Des possibilités nombreuses, qui demandent certes de la réflexion mais dont la mécanique est freinée par les nombreuses attaques des ennemis. On a rarement le temps de réfléchir entre deux attaques (et on ne veut pas forcément perdre trop de vie parce que cela voudrait dire un énième retour au Nid ou à un campement pour se soigner et au bout d’un moment c’est chiant de faire ces allers-retours) et on martèle les boutons en essayant de se souvenir quelle attaque était la plus efficace contre cet ennemi. Bref, une mécanique un peu hasardeuse et frustrante à mon sens mais qu’il est heureusement possible d’éviter la plupart du temps.

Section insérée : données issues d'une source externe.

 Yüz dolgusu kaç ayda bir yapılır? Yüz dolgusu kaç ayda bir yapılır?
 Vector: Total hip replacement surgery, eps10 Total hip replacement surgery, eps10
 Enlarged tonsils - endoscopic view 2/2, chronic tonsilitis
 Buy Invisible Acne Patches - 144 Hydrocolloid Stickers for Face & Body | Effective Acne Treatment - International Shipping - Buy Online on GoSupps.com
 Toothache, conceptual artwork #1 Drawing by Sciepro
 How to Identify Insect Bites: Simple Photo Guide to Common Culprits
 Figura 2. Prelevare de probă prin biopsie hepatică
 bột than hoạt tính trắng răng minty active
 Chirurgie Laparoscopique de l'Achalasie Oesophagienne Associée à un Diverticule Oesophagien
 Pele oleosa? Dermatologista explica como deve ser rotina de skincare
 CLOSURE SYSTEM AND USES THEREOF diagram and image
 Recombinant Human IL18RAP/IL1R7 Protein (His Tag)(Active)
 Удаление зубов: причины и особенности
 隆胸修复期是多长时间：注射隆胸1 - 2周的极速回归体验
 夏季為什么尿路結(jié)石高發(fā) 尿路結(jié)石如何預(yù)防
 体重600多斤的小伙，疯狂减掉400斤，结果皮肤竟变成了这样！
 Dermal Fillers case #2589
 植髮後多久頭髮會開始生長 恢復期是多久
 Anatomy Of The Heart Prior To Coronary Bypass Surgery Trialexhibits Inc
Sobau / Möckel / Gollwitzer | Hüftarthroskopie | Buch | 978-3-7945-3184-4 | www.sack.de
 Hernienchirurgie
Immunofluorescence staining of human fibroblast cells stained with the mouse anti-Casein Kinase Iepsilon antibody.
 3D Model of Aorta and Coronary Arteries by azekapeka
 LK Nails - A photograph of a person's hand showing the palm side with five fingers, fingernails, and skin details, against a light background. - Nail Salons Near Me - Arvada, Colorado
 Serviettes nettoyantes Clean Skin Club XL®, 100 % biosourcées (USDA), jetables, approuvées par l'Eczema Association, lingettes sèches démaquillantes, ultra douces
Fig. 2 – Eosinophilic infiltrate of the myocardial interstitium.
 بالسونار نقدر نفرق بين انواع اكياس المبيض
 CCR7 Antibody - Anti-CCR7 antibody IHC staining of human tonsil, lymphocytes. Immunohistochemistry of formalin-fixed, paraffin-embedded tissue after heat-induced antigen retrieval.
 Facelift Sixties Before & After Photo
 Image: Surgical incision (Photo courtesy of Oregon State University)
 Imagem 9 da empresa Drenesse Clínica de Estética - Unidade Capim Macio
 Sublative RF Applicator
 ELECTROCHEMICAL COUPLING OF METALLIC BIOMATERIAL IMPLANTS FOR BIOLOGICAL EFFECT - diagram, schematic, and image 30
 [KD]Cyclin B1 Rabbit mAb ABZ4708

Pour le dernier point négatif que je voulais aborder je vais faire court : je n’ai pas aimé cueillir la flore locale pour la cuisiner ou fabriquer des objets de soin. Je détestais devoir faire la cuisine dans Breath of the Wild, je détestais devoir faire la cuisine dans les Sims, les jeux de survie m’énervent, je déteste donc naturellement devoir faire la cuisine dans Haven. Cela prend du temps, c’est répétitif (quand tu dois cuisiner 15 plats d’affilée pour être SÛR d’avoir de quoi faire) et cela ne m’a pas semblé utile, ajoutant plutôt une certaine pression avec l’ajout d’une barre de faim qui, une fois vide, nous oblige à devoir faire demi-tour pendant notre cheminement jusqu’à un îlot où il est possible de manger et se reposer et donc se farcir encore des écrans de chargement et des séquences de discussions pas intéressantes.
Un petit cocon de douceur
Là, en me lisant depuis le début, en tant que fan de The Game Bakers (ou en tant que développeur, et je m’en excuse), vous voulez peut-être me faire une bonne tête au carré. Mais comme je l’ai dit, Haven a des qualités. Son côté tranquille (d’aucuns diraient “chill”) et son ambiance sont réussis. Sur notre îlot de départ, sur lequel est posé le Nid, on se sent vraiment en paix. Les petits animaux sauvages gambadent paisiblement, les fruits et légumes poussent dans le petit potager, le vent fait se plier les nombreux brins d’herbe de Source… Et le Nid est vraiment douillet. On a envie d’être à l’intérieur nous aussi pour profiter de sa banquette qui a l’air confortable, de son petit jardin d’intérieur ou de sa cuisine/salle à manger avec vue sur les îlots volants au loin. Le tout est souligné par une excellente bande-son signée Danger qui parvient, grâce à ses thèmes electro, à créer des ambiances en lien avec ce qu’il se passe sur les îlots. Un son plus énergique et angoissant pour les îlots infestés de Rouille (une matière qui corrompt le sol et les animaux, les rendant agressifs) et donc où le danger est présent, et un son plus joyeux, plus aéré, pour les endroits lavés de la Rouille, où tout est revenu à la normale.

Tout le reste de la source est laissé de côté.